In more recent days, the city elected a black mayor, appointed a well-respected black chief of police and other key civic officials, and undertook a major programme of retraining its police force away from its earlier reputation as a bunch of officially appointed cowboy, enforcer-thugs. Eugene Robinson, a Pulitzer Prize winning columnist at The Washington Post (and just by the way an African American) had written on this transformation just last Friday. And here too it is worth quoting from Robinson’s article at length. He wrote:

The slain police officers were protecting a lawful, peaceful demonstration to protest those same deaths. As the crowd, perhaps more than 800 strong, marched through downtown Dallas, there was anger but no real tension. Certainly there was no sense of danger; police were not wearing riot gear or riding in armoured vehicles. Instead, officers chatted and took selfies with the demonstrators. They had no fear of encounter and dialogue.

The great irony is that Dallas is something of a model. Mayor Mike Rawlings (D) was right when he told reporters that Dallas is ‘one of the premier community policing cities in the country.’ Since Police Chief David O Brown took over in 2010, complaints of excessive force by officers have dropped by nearly two-thirds.
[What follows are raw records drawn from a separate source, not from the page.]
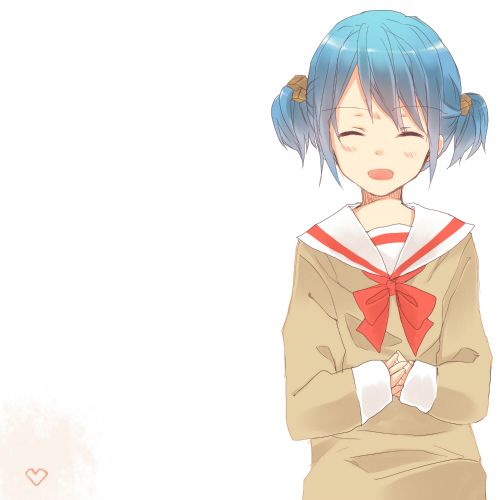 bad_id blue_hair bow closed_eyes hair_cubes hair_ornament hands_together heart hina lowres naganohara_mio nichijou open_mouth school_uniform short_hair short_twintails simple_background smile solo twintails white_background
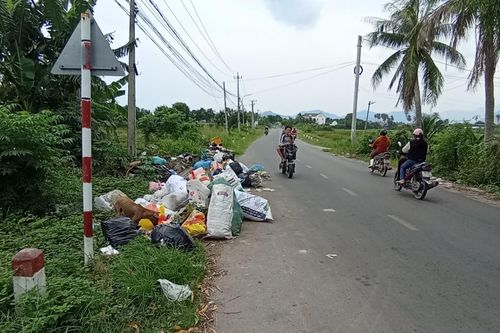 Bỏ rác bừa bãi bên đường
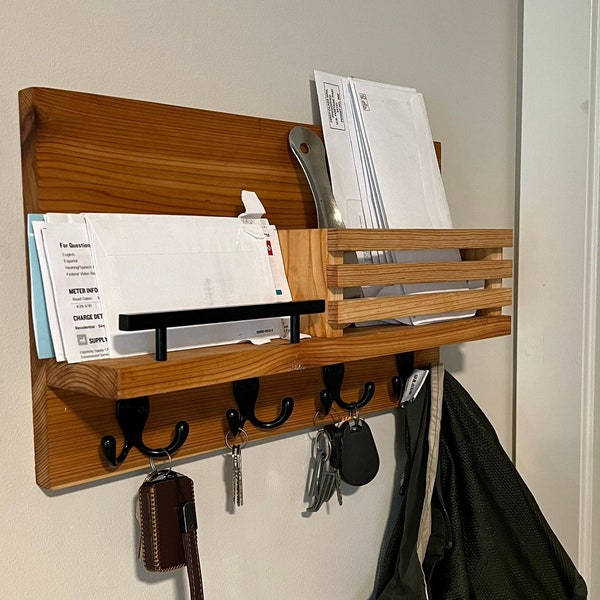 DIY (do-it-yourself) Key holder and mail shelf plan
Police shootings have been halved, from 23 in 2012 to just 11 in 2015 — and only one so far this year, according to Police Department data.

Brown happens to be African-American, but that’s not the most significant thing about him. What’s important is that Brown was quick to understand that the chasm between police officers and young men of colour was real — and that it could be bridged. His officers undergo training in how to de-escalate conflicts rather than heat them up; they learn to speak calmly when approaching suspects instead of immediately barking orders. When there is a police shooting, uniformed presence around the scene is ramped down as soon as possible. The department, unlike many others, keeps track of police shootings and publishes the figures on the city’s website. And Brown keeps looking for new ways to improve relations between police and the community, realising that diversity is not a destination but a shared journey.

The Dallas Police Department is not perfect, of course. But its efforts to improve the way officers interact with citizens stand in contrast to the appalling police work we saw in the cellphone videos recording the deaths that prompted protests around the country. Sterling [in Louisiana] was on the ground in front of a convenience store, restrained by officers and posing no apparent threat, when he was shot to death. Castile [in Minnesota], pulled over in a traffic stop, was apparently reaching for his identification to hand to the officer who shot him.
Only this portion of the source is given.